• [What is being asked]: Please repeat exactly, and only, the lines from the one containing "Sunny Roquebrun Getaway" through the end of the records below, with no pictures.

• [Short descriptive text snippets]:
※ ※ ※

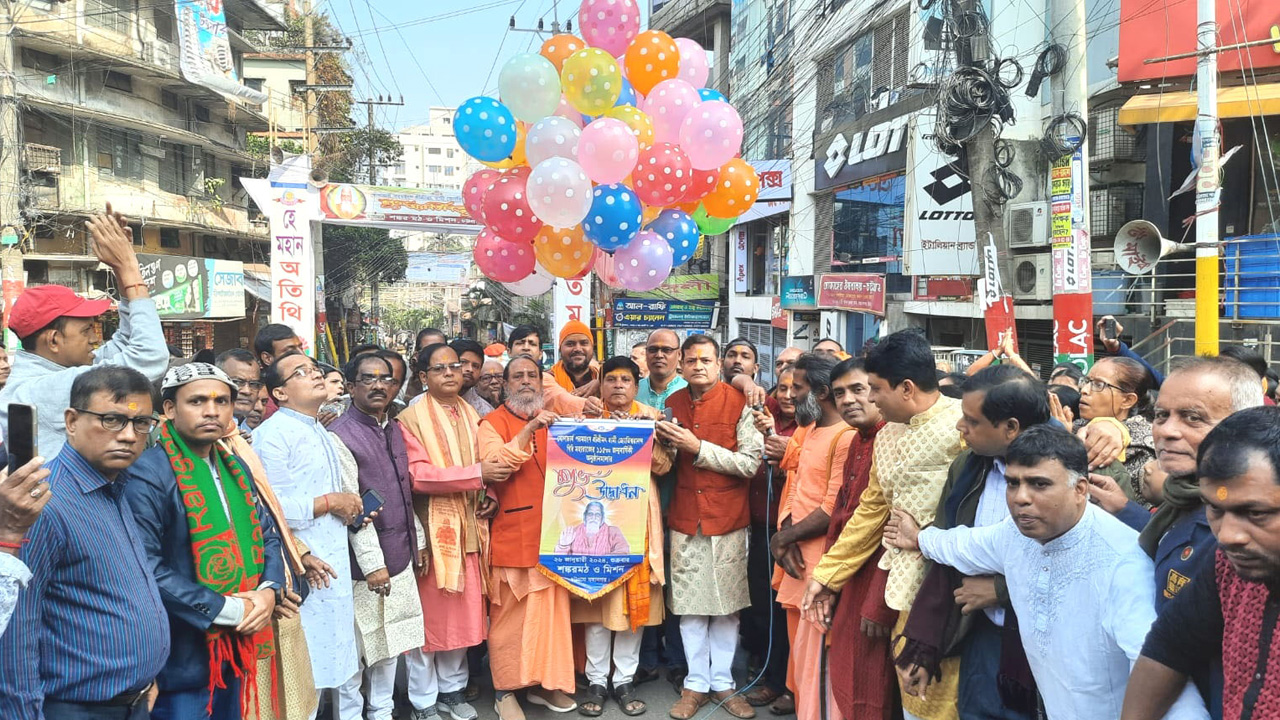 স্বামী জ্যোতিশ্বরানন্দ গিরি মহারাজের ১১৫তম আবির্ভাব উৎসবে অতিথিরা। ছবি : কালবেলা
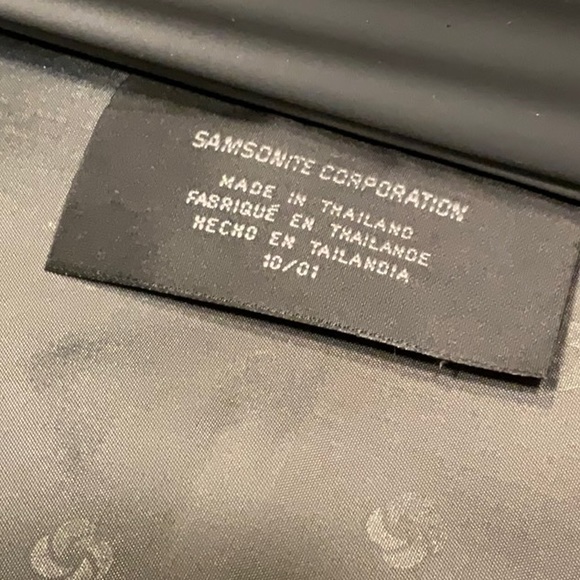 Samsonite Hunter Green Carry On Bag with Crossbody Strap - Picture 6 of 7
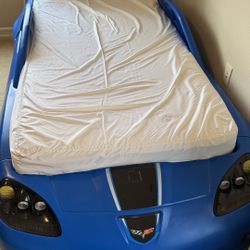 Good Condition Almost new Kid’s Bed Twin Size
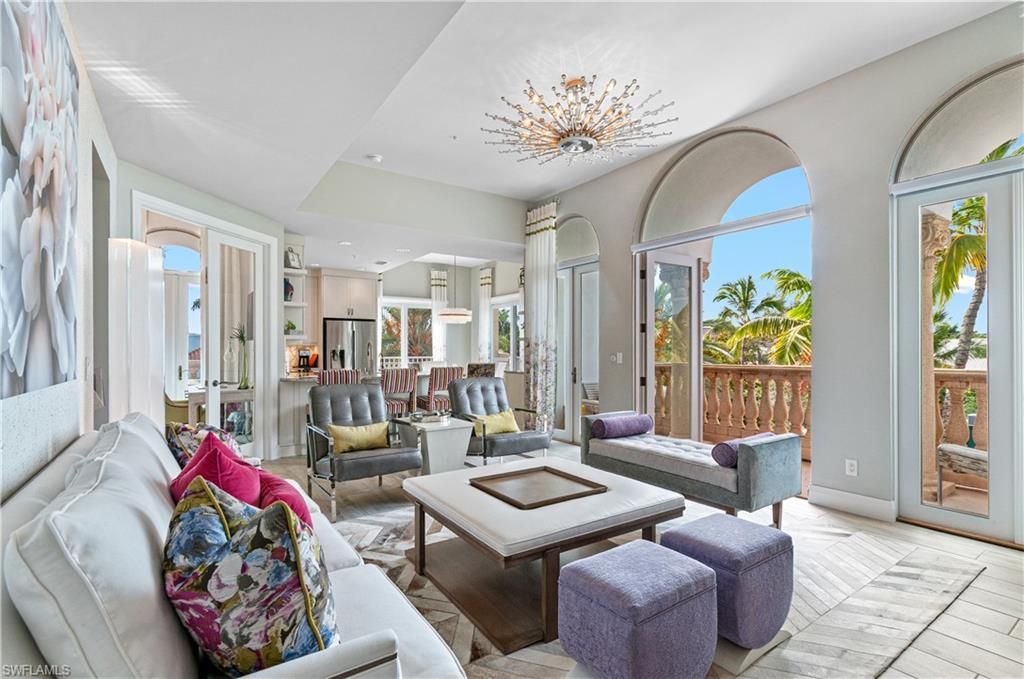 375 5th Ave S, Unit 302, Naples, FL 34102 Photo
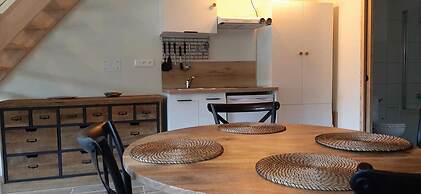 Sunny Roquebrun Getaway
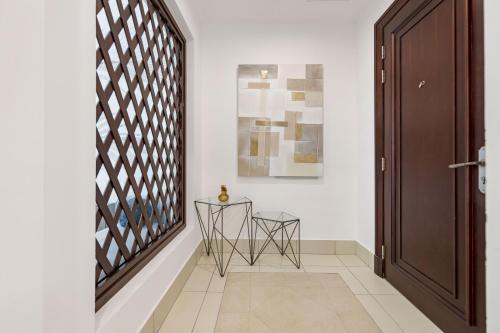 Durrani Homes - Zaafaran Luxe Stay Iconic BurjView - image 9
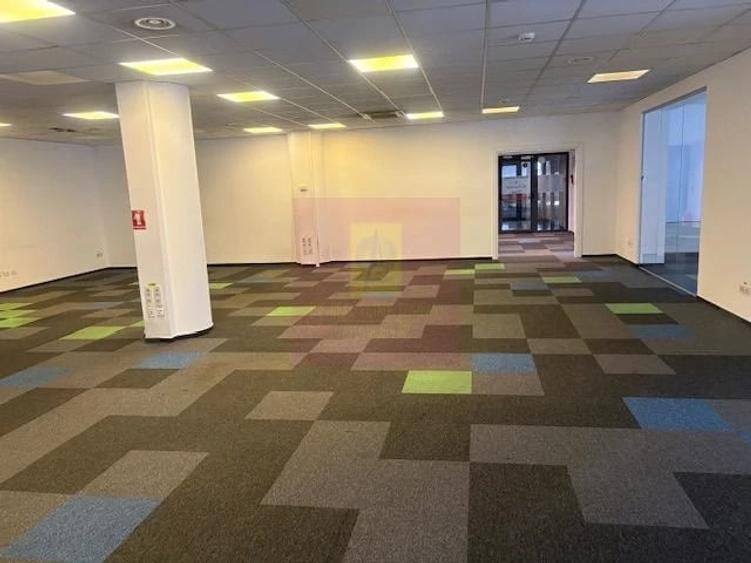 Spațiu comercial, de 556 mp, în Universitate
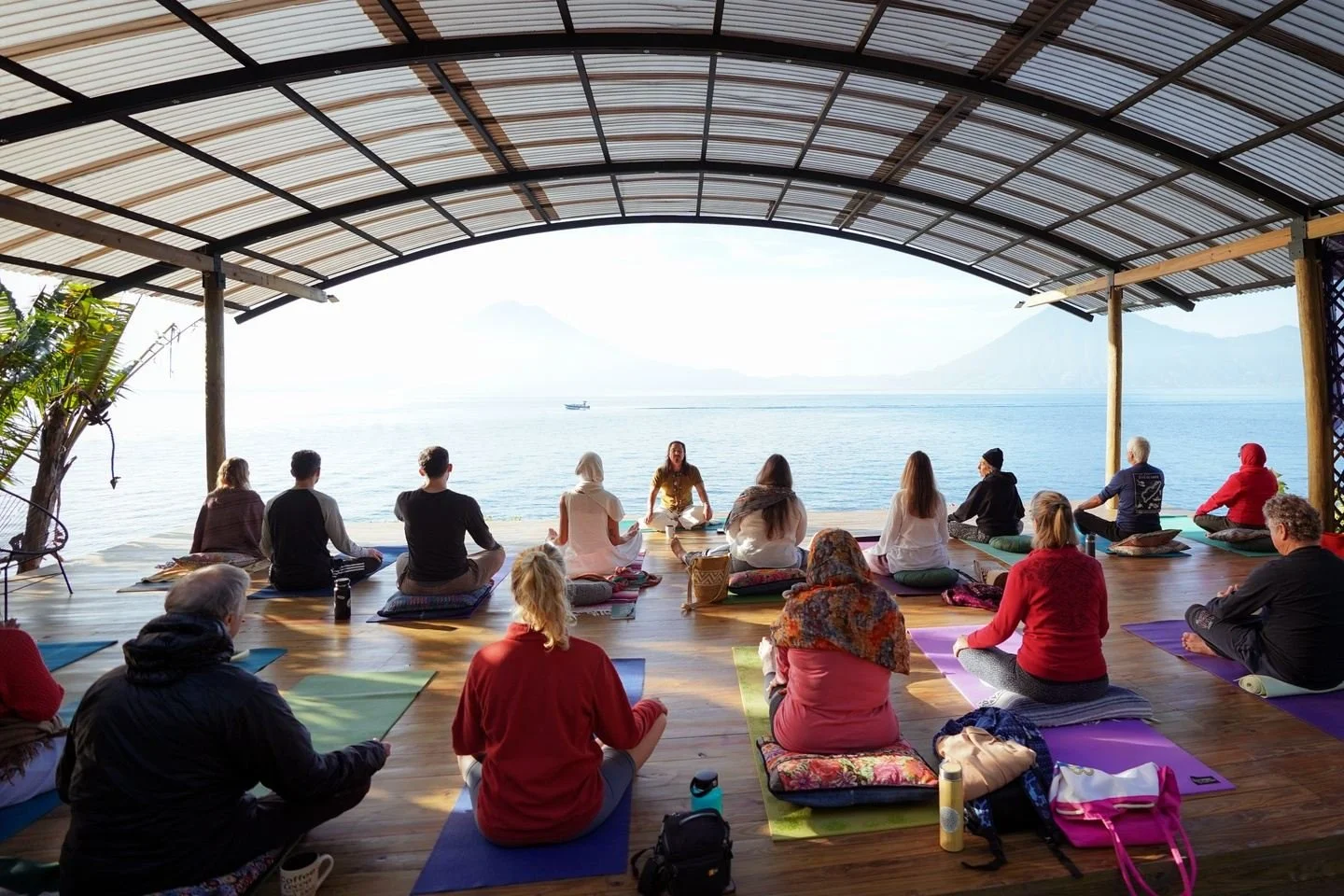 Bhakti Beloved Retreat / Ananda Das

※ ※ ※

• [Task response]:
 Sunny Roquebrun Getaway
 Durrani Homes - Zaafaran Luxe Stay Iconic BurjView - image 9
 Spațiu comercial, de 556 mp, în Universitate
 Bhakti Beloved Retreat / Ananda Das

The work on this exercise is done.